● Work instruction:
What is needed is an exact copy of the entries below, with the pictures left out.

Top of Entries shown

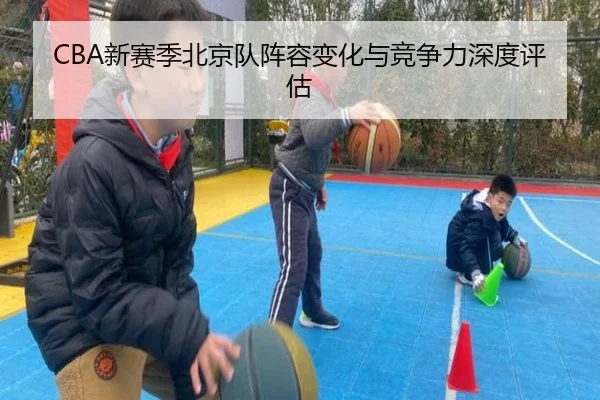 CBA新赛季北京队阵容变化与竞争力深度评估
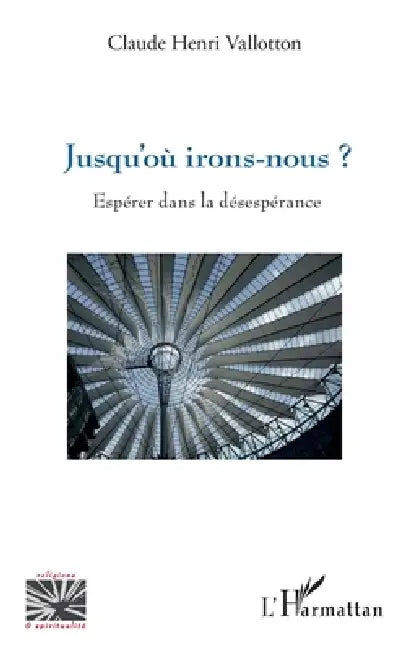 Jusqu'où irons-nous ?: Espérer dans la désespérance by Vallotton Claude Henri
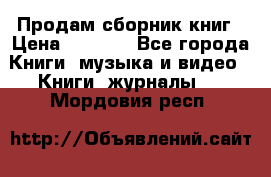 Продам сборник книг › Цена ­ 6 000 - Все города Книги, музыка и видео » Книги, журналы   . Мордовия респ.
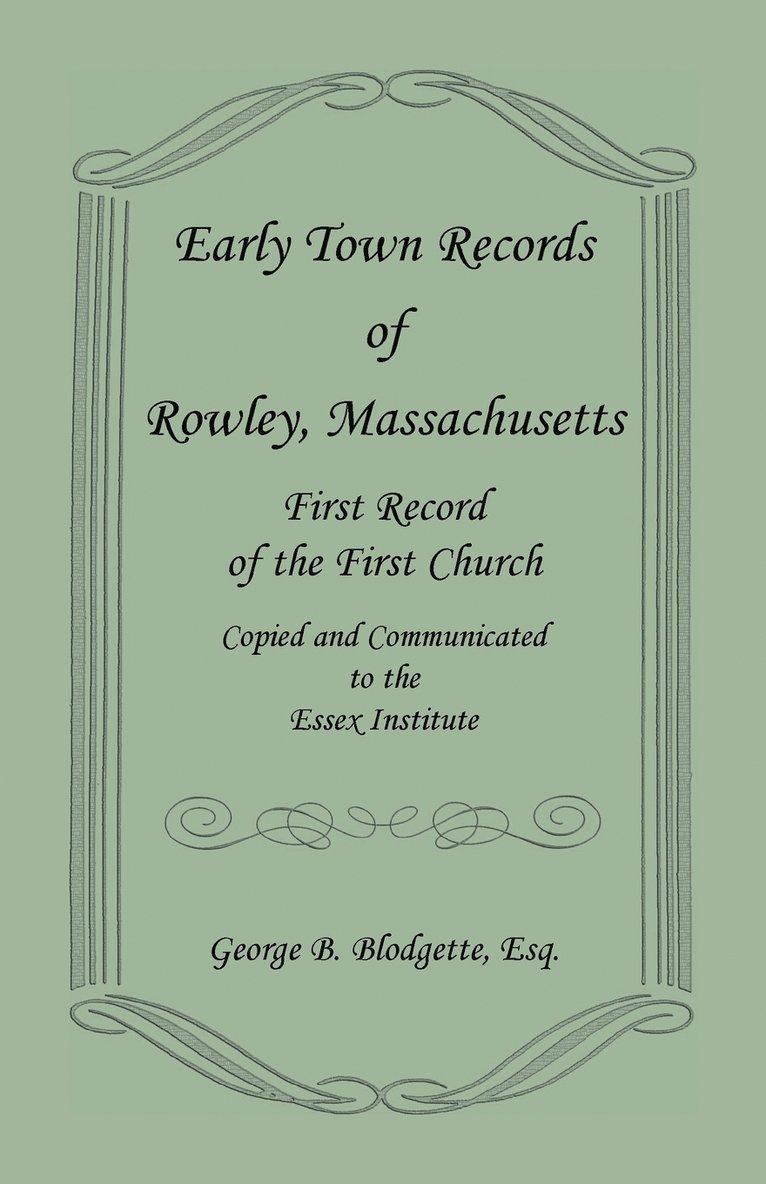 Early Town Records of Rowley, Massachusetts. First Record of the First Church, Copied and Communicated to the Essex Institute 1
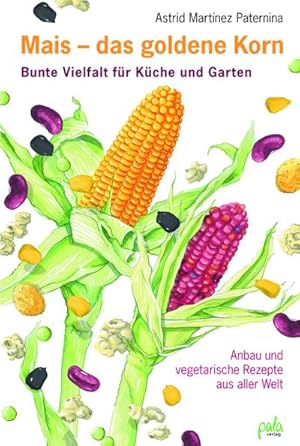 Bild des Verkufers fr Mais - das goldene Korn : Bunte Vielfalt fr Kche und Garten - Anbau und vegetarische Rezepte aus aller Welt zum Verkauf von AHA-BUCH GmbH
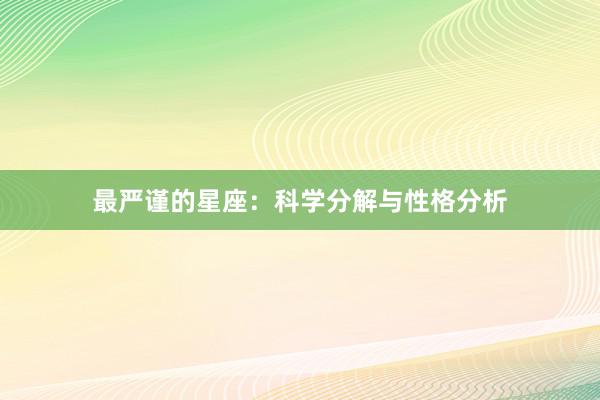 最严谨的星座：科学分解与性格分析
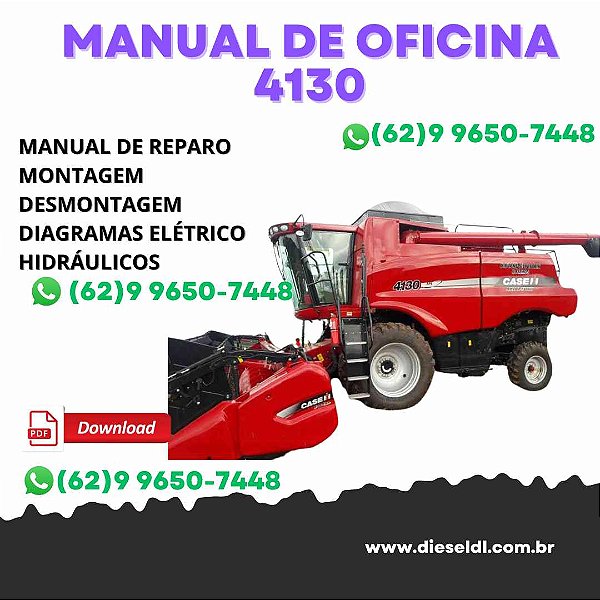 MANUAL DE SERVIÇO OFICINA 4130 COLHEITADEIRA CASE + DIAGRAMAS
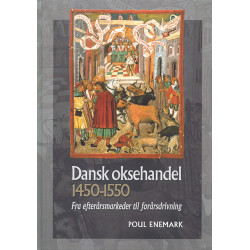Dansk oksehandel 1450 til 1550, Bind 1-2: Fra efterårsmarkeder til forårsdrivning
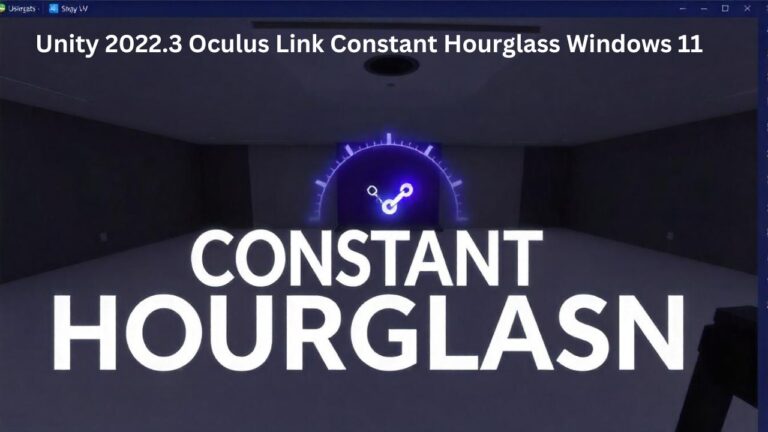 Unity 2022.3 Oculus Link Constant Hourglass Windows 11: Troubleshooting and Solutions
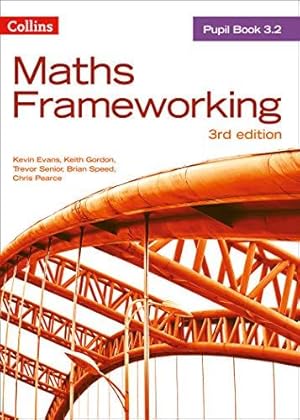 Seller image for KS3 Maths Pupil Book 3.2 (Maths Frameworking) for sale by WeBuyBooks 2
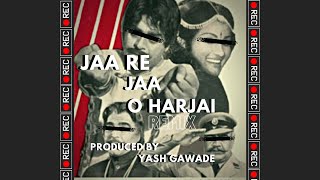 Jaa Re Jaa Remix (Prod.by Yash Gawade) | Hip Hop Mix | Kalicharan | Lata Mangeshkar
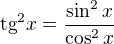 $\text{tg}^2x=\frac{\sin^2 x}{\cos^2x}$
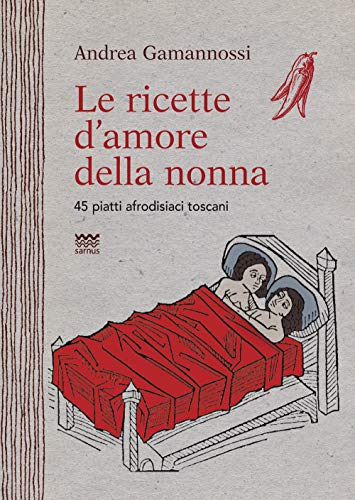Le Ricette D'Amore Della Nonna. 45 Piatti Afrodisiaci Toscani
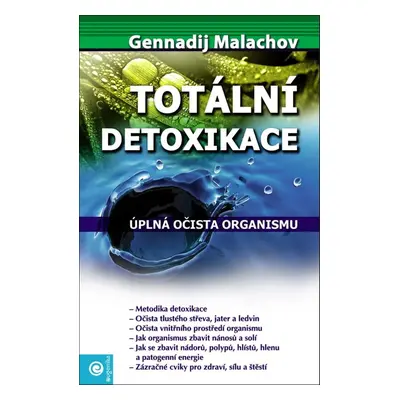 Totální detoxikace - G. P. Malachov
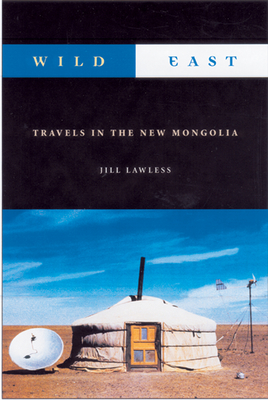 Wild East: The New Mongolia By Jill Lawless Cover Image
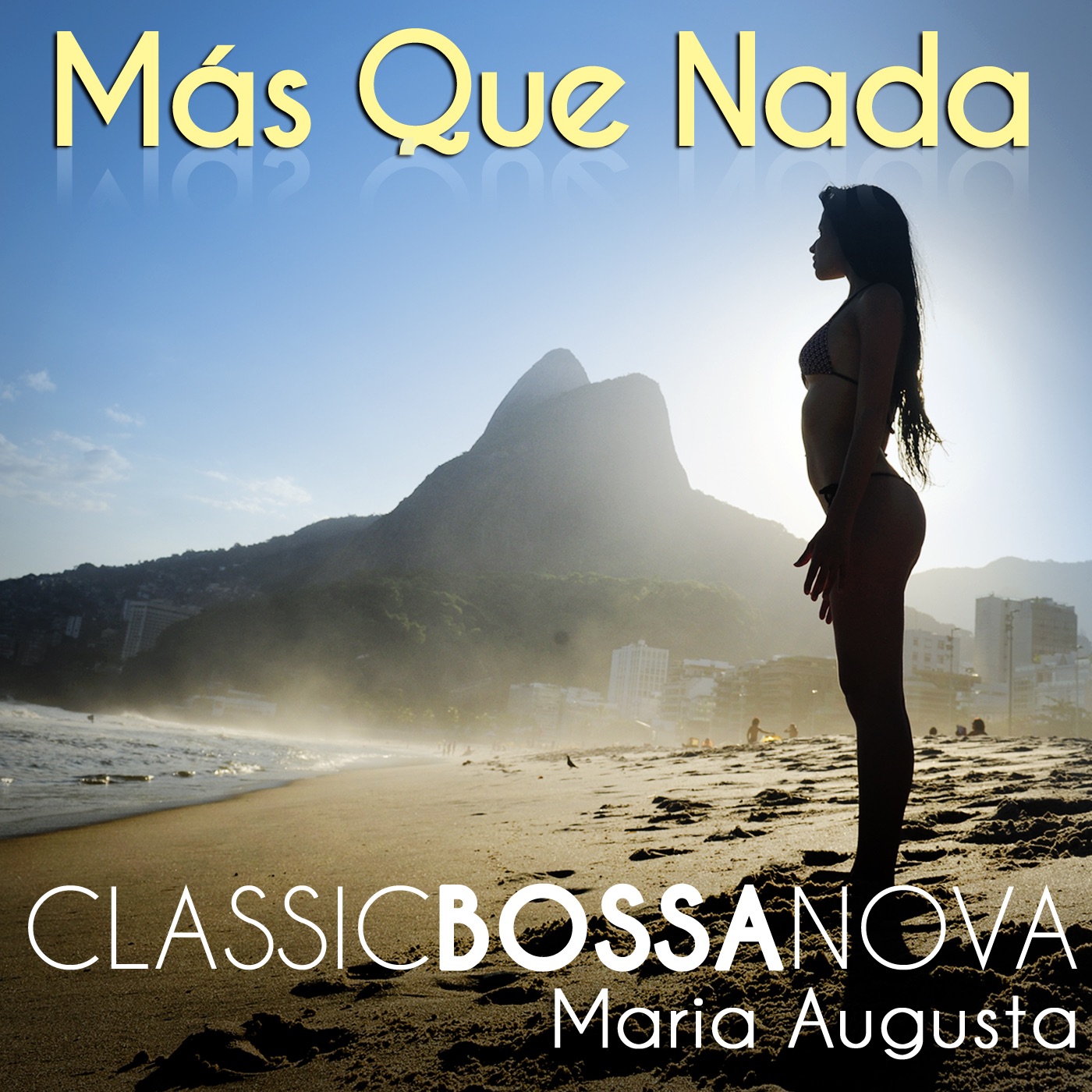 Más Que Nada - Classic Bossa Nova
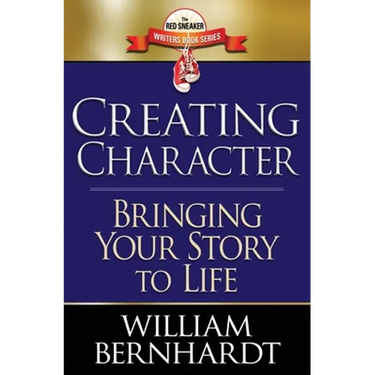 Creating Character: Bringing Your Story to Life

Bottom of Entries shown

● Answer section:
 CBA新赛季北京队阵容变化与竞争力深度评估
 Jusqu'où irons-nous ?: Espérer dans la désespérance by Vallotton Claude Henri
 Продам сборник книг › Цена ­ 6 000 - Все города Книги, музыка и видео » Книги, журналы   . Мордовия респ.
 Early Town Records of Rowley, Massachusetts. First Record of the First Church, Copied and Communicated to the Essex Institute 1
 Bild des Verkufers fr Mais - das goldene Korn : Bunte Vielfalt fr Kche und Garten - Anbau und vegetarische Rezepte aus aller Welt zum Verkauf von AHA-BUCH GmbH
 最严谨的星座：科学分解与性格分析
 MANUAL DE SERVIÇO OFICINA 4130 COLHEITADEIRA CASE + DIAGRAMAS
Dansk oksehandel 1450 til 1550, Bind 1-2: Fra efterårsmarkeder til forårsdrivning
 Unity 2022.3 Oculus Link Constant Hourglass Windows 11: Troubleshooting and Solutions
 Seller image for KS3 Maths Pupil Book 3.2 (Maths Frameworking) for sale by WeBuyBooks 2
 Jaa Re Jaa Remix (Prod.by Yash Gawade) | Hip Hop Mix | Kalicharan | Lata Mangeshkar
 $\text{tg}^2x=\frac{\sin^2 x}{\cos^2x}$
Le Ricette D'Amore Della Nonna. 45 Piatti Afrodisiaci Toscani
 Totální detoxikace - G. P. Malachov
 Wild East: The New Mongolia By Jill Lawless Cover Image
 Más Que Nada - Classic Bossa Nova
 Creating Character: Bringing Your Story to Life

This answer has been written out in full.